Femasys Inc. announced a partnership with Refuah Health Center, a federally qualified community health center in New York, to make its FemaSeed intratubal insemination solution available as a first‑line infertility treatment in community‑based fertility care. The collaboration positions FemaSeed as a less invasive, cost‑effective alternative to intrauterine insemination (IUI) and extends the product’s reach beyond specialty practices into a broader patient base.
The partnership is intended to accelerate Femasys’s commercial footprint by leveraging Refuah’s trusted care model and strong patient engagement. By integrating FemaSeed into the center’s existing fertility services, Femasys expects to increase utilization of its intratubal insemination platform and generate additional revenue from a new patient segment. The move follows Q3 2025 results in which the company reported a net loss of $4.19 million on revenue of $729,394, a 31.4% year‑over‑year increase driven largely by FemBloc sales. The partnership could diversify Femasys’s revenue mix and reduce reliance on its single‑product pipeline.
While specific financial projections for the partnership are not disclosed, management indicated that the collaboration will create a pipeline of patients who may later transition to the company’s FemBloc permanent birth‑control system. The partnership could therefore accelerate adoption of both products and support long‑term revenue growth. FemaSeed has demonstrated double the pregnancy rates of IUI in low‑sperm‑count cases in its pivotal trial, underscoring its clinical value and potential market traction.

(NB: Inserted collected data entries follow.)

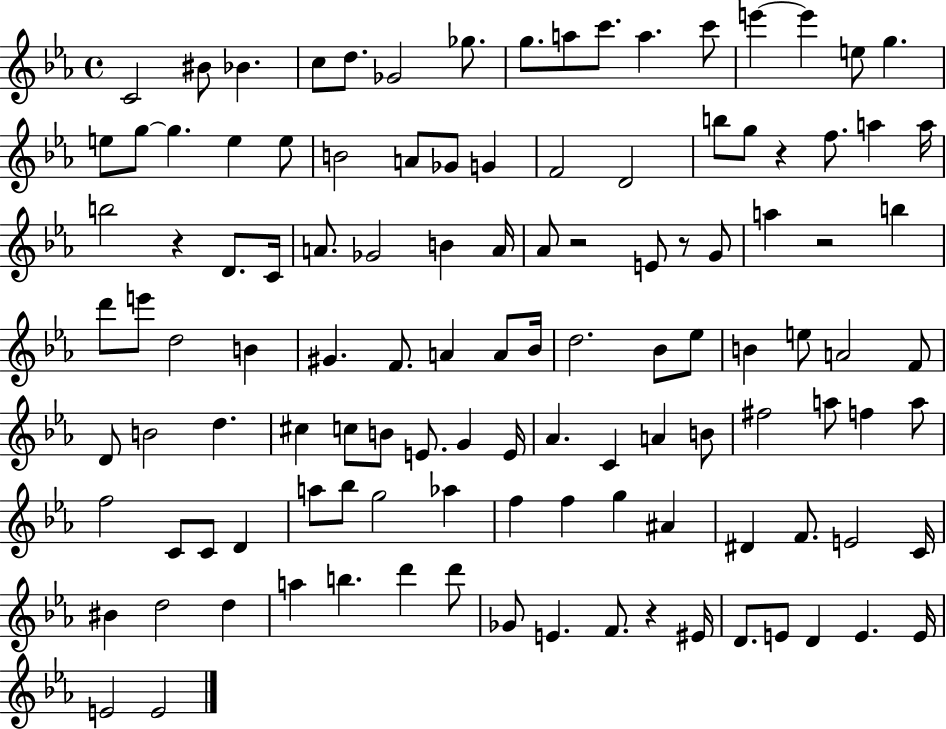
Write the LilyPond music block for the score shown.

{
  \clef treble
  \time 4/4
  \defaultTimeSignature
  \key ees \major
  \repeat volta 2 { c'2 bis'8 bes'4. | c''8 d''8. ges'2 ges''8. | g''8. a''8 c'''8. a''4. c'''8 | e'''4~~ e'''4 e''8 g''4. | \break e''8 g''8~~ g''4. e''4 e''8 | b'2 a'8 ges'8 g'4 | f'2 d'2 | b''8 g''8 r4 f''8. a''4 a''16 | \break b''2 r4 d'8. c'16 | a'8. ges'2 b'4 a'16 | aes'8 r2 e'8 r8 g'8 | a''4 r2 b''4 | \break d'''8 e'''8 d''2 b'4 | gis'4. f'8. a'4 a'8 bes'16 | d''2. bes'8 ees''8 | b'4 e''8 a'2 f'8 | \break d'8 b'2 d''4. | cis''4 c''8 b'8 e'8. g'4 e'16 | aes'4. c'4 a'4 b'8 | fis''2 a''8 f''4 a''8 | \break f''2 c'8 c'8 d'4 | a''8 bes''8 g''2 aes''4 | f''4 f''4 g''4 ais'4 | dis'4 f'8. e'2 c'16 | \break bis'4 d''2 d''4 | a''4 b''4. d'''4 d'''8 | ges'8 e'4. f'8. r4 eis'16 | d'8. e'8 d'4 e'4. e'16 | \break e'2 e'2 | } \bar "|."
}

CEO Kathy Lee‑Sepsick emphasized that the partnership is a key step in expanding commercialization and accelerating FemaSeed adoption by providing an accessible, patient‑centered starting point for fertility treatment. Dr. Angela Silber of Refuah highlighted the solution’s ability to simplify the fertility journey and allow patients to begin care sooner and with less complexity.

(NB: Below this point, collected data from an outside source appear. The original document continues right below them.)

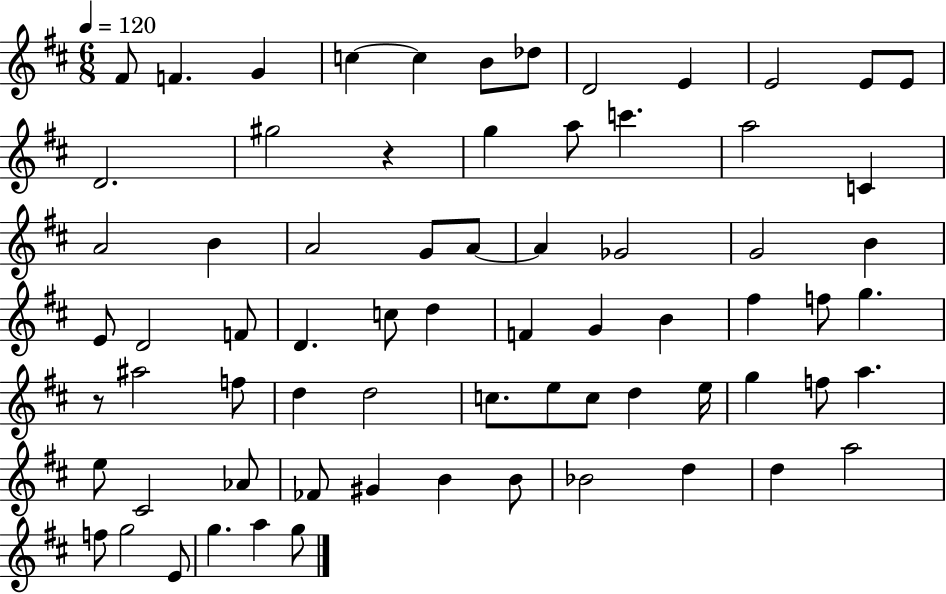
{
  \clef treble
  \numericTimeSignature
  \time 6/8
  \key d \major
  \tempo 4 = 120
  fis'8 f'4. g'4 | c''4~~ c''4 b'8 des''8 | d'2 e'4 | e'2 e'8 e'8 | \break d'2. | gis''2 r4 | g''4 a''8 c'''4. | a''2 c'4 | \break a'2 b'4 | a'2 g'8 a'8~~ | a'4 ges'2 | g'2 b'4 | \break e'8 d'2 f'8 | d'4. c''8 d''4 | f'4 g'4 b'4 | fis''4 f''8 g''4. | \break r8 ais''2 f''8 | d''4 d''2 | c''8. e''8 c''8 d''4 e''16 | g''4 f''8 a''4. | \break e''8 cis'2 aes'8 | fes'8 gis'4 b'4 b'8 | bes'2 d''4 | d''4 a''2 | \break f''8 g''2 e'8 | g''4. a''4 g''8 | \bar "|."
}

Femasys’s financial health remains challenging, with a negative EBITDA of $17.35 million and a “Weak” rating from investors. Nevertheless, analysts maintain a positive outlook, citing the company’s strong regulatory approvals for FemBloc in Europe, the UK, and New Zealand, and the potential upside from the new distribution channel. The partnership represents a strategic effort to broaden market reach, improve revenue diversification, and build a pipeline for future product adoption.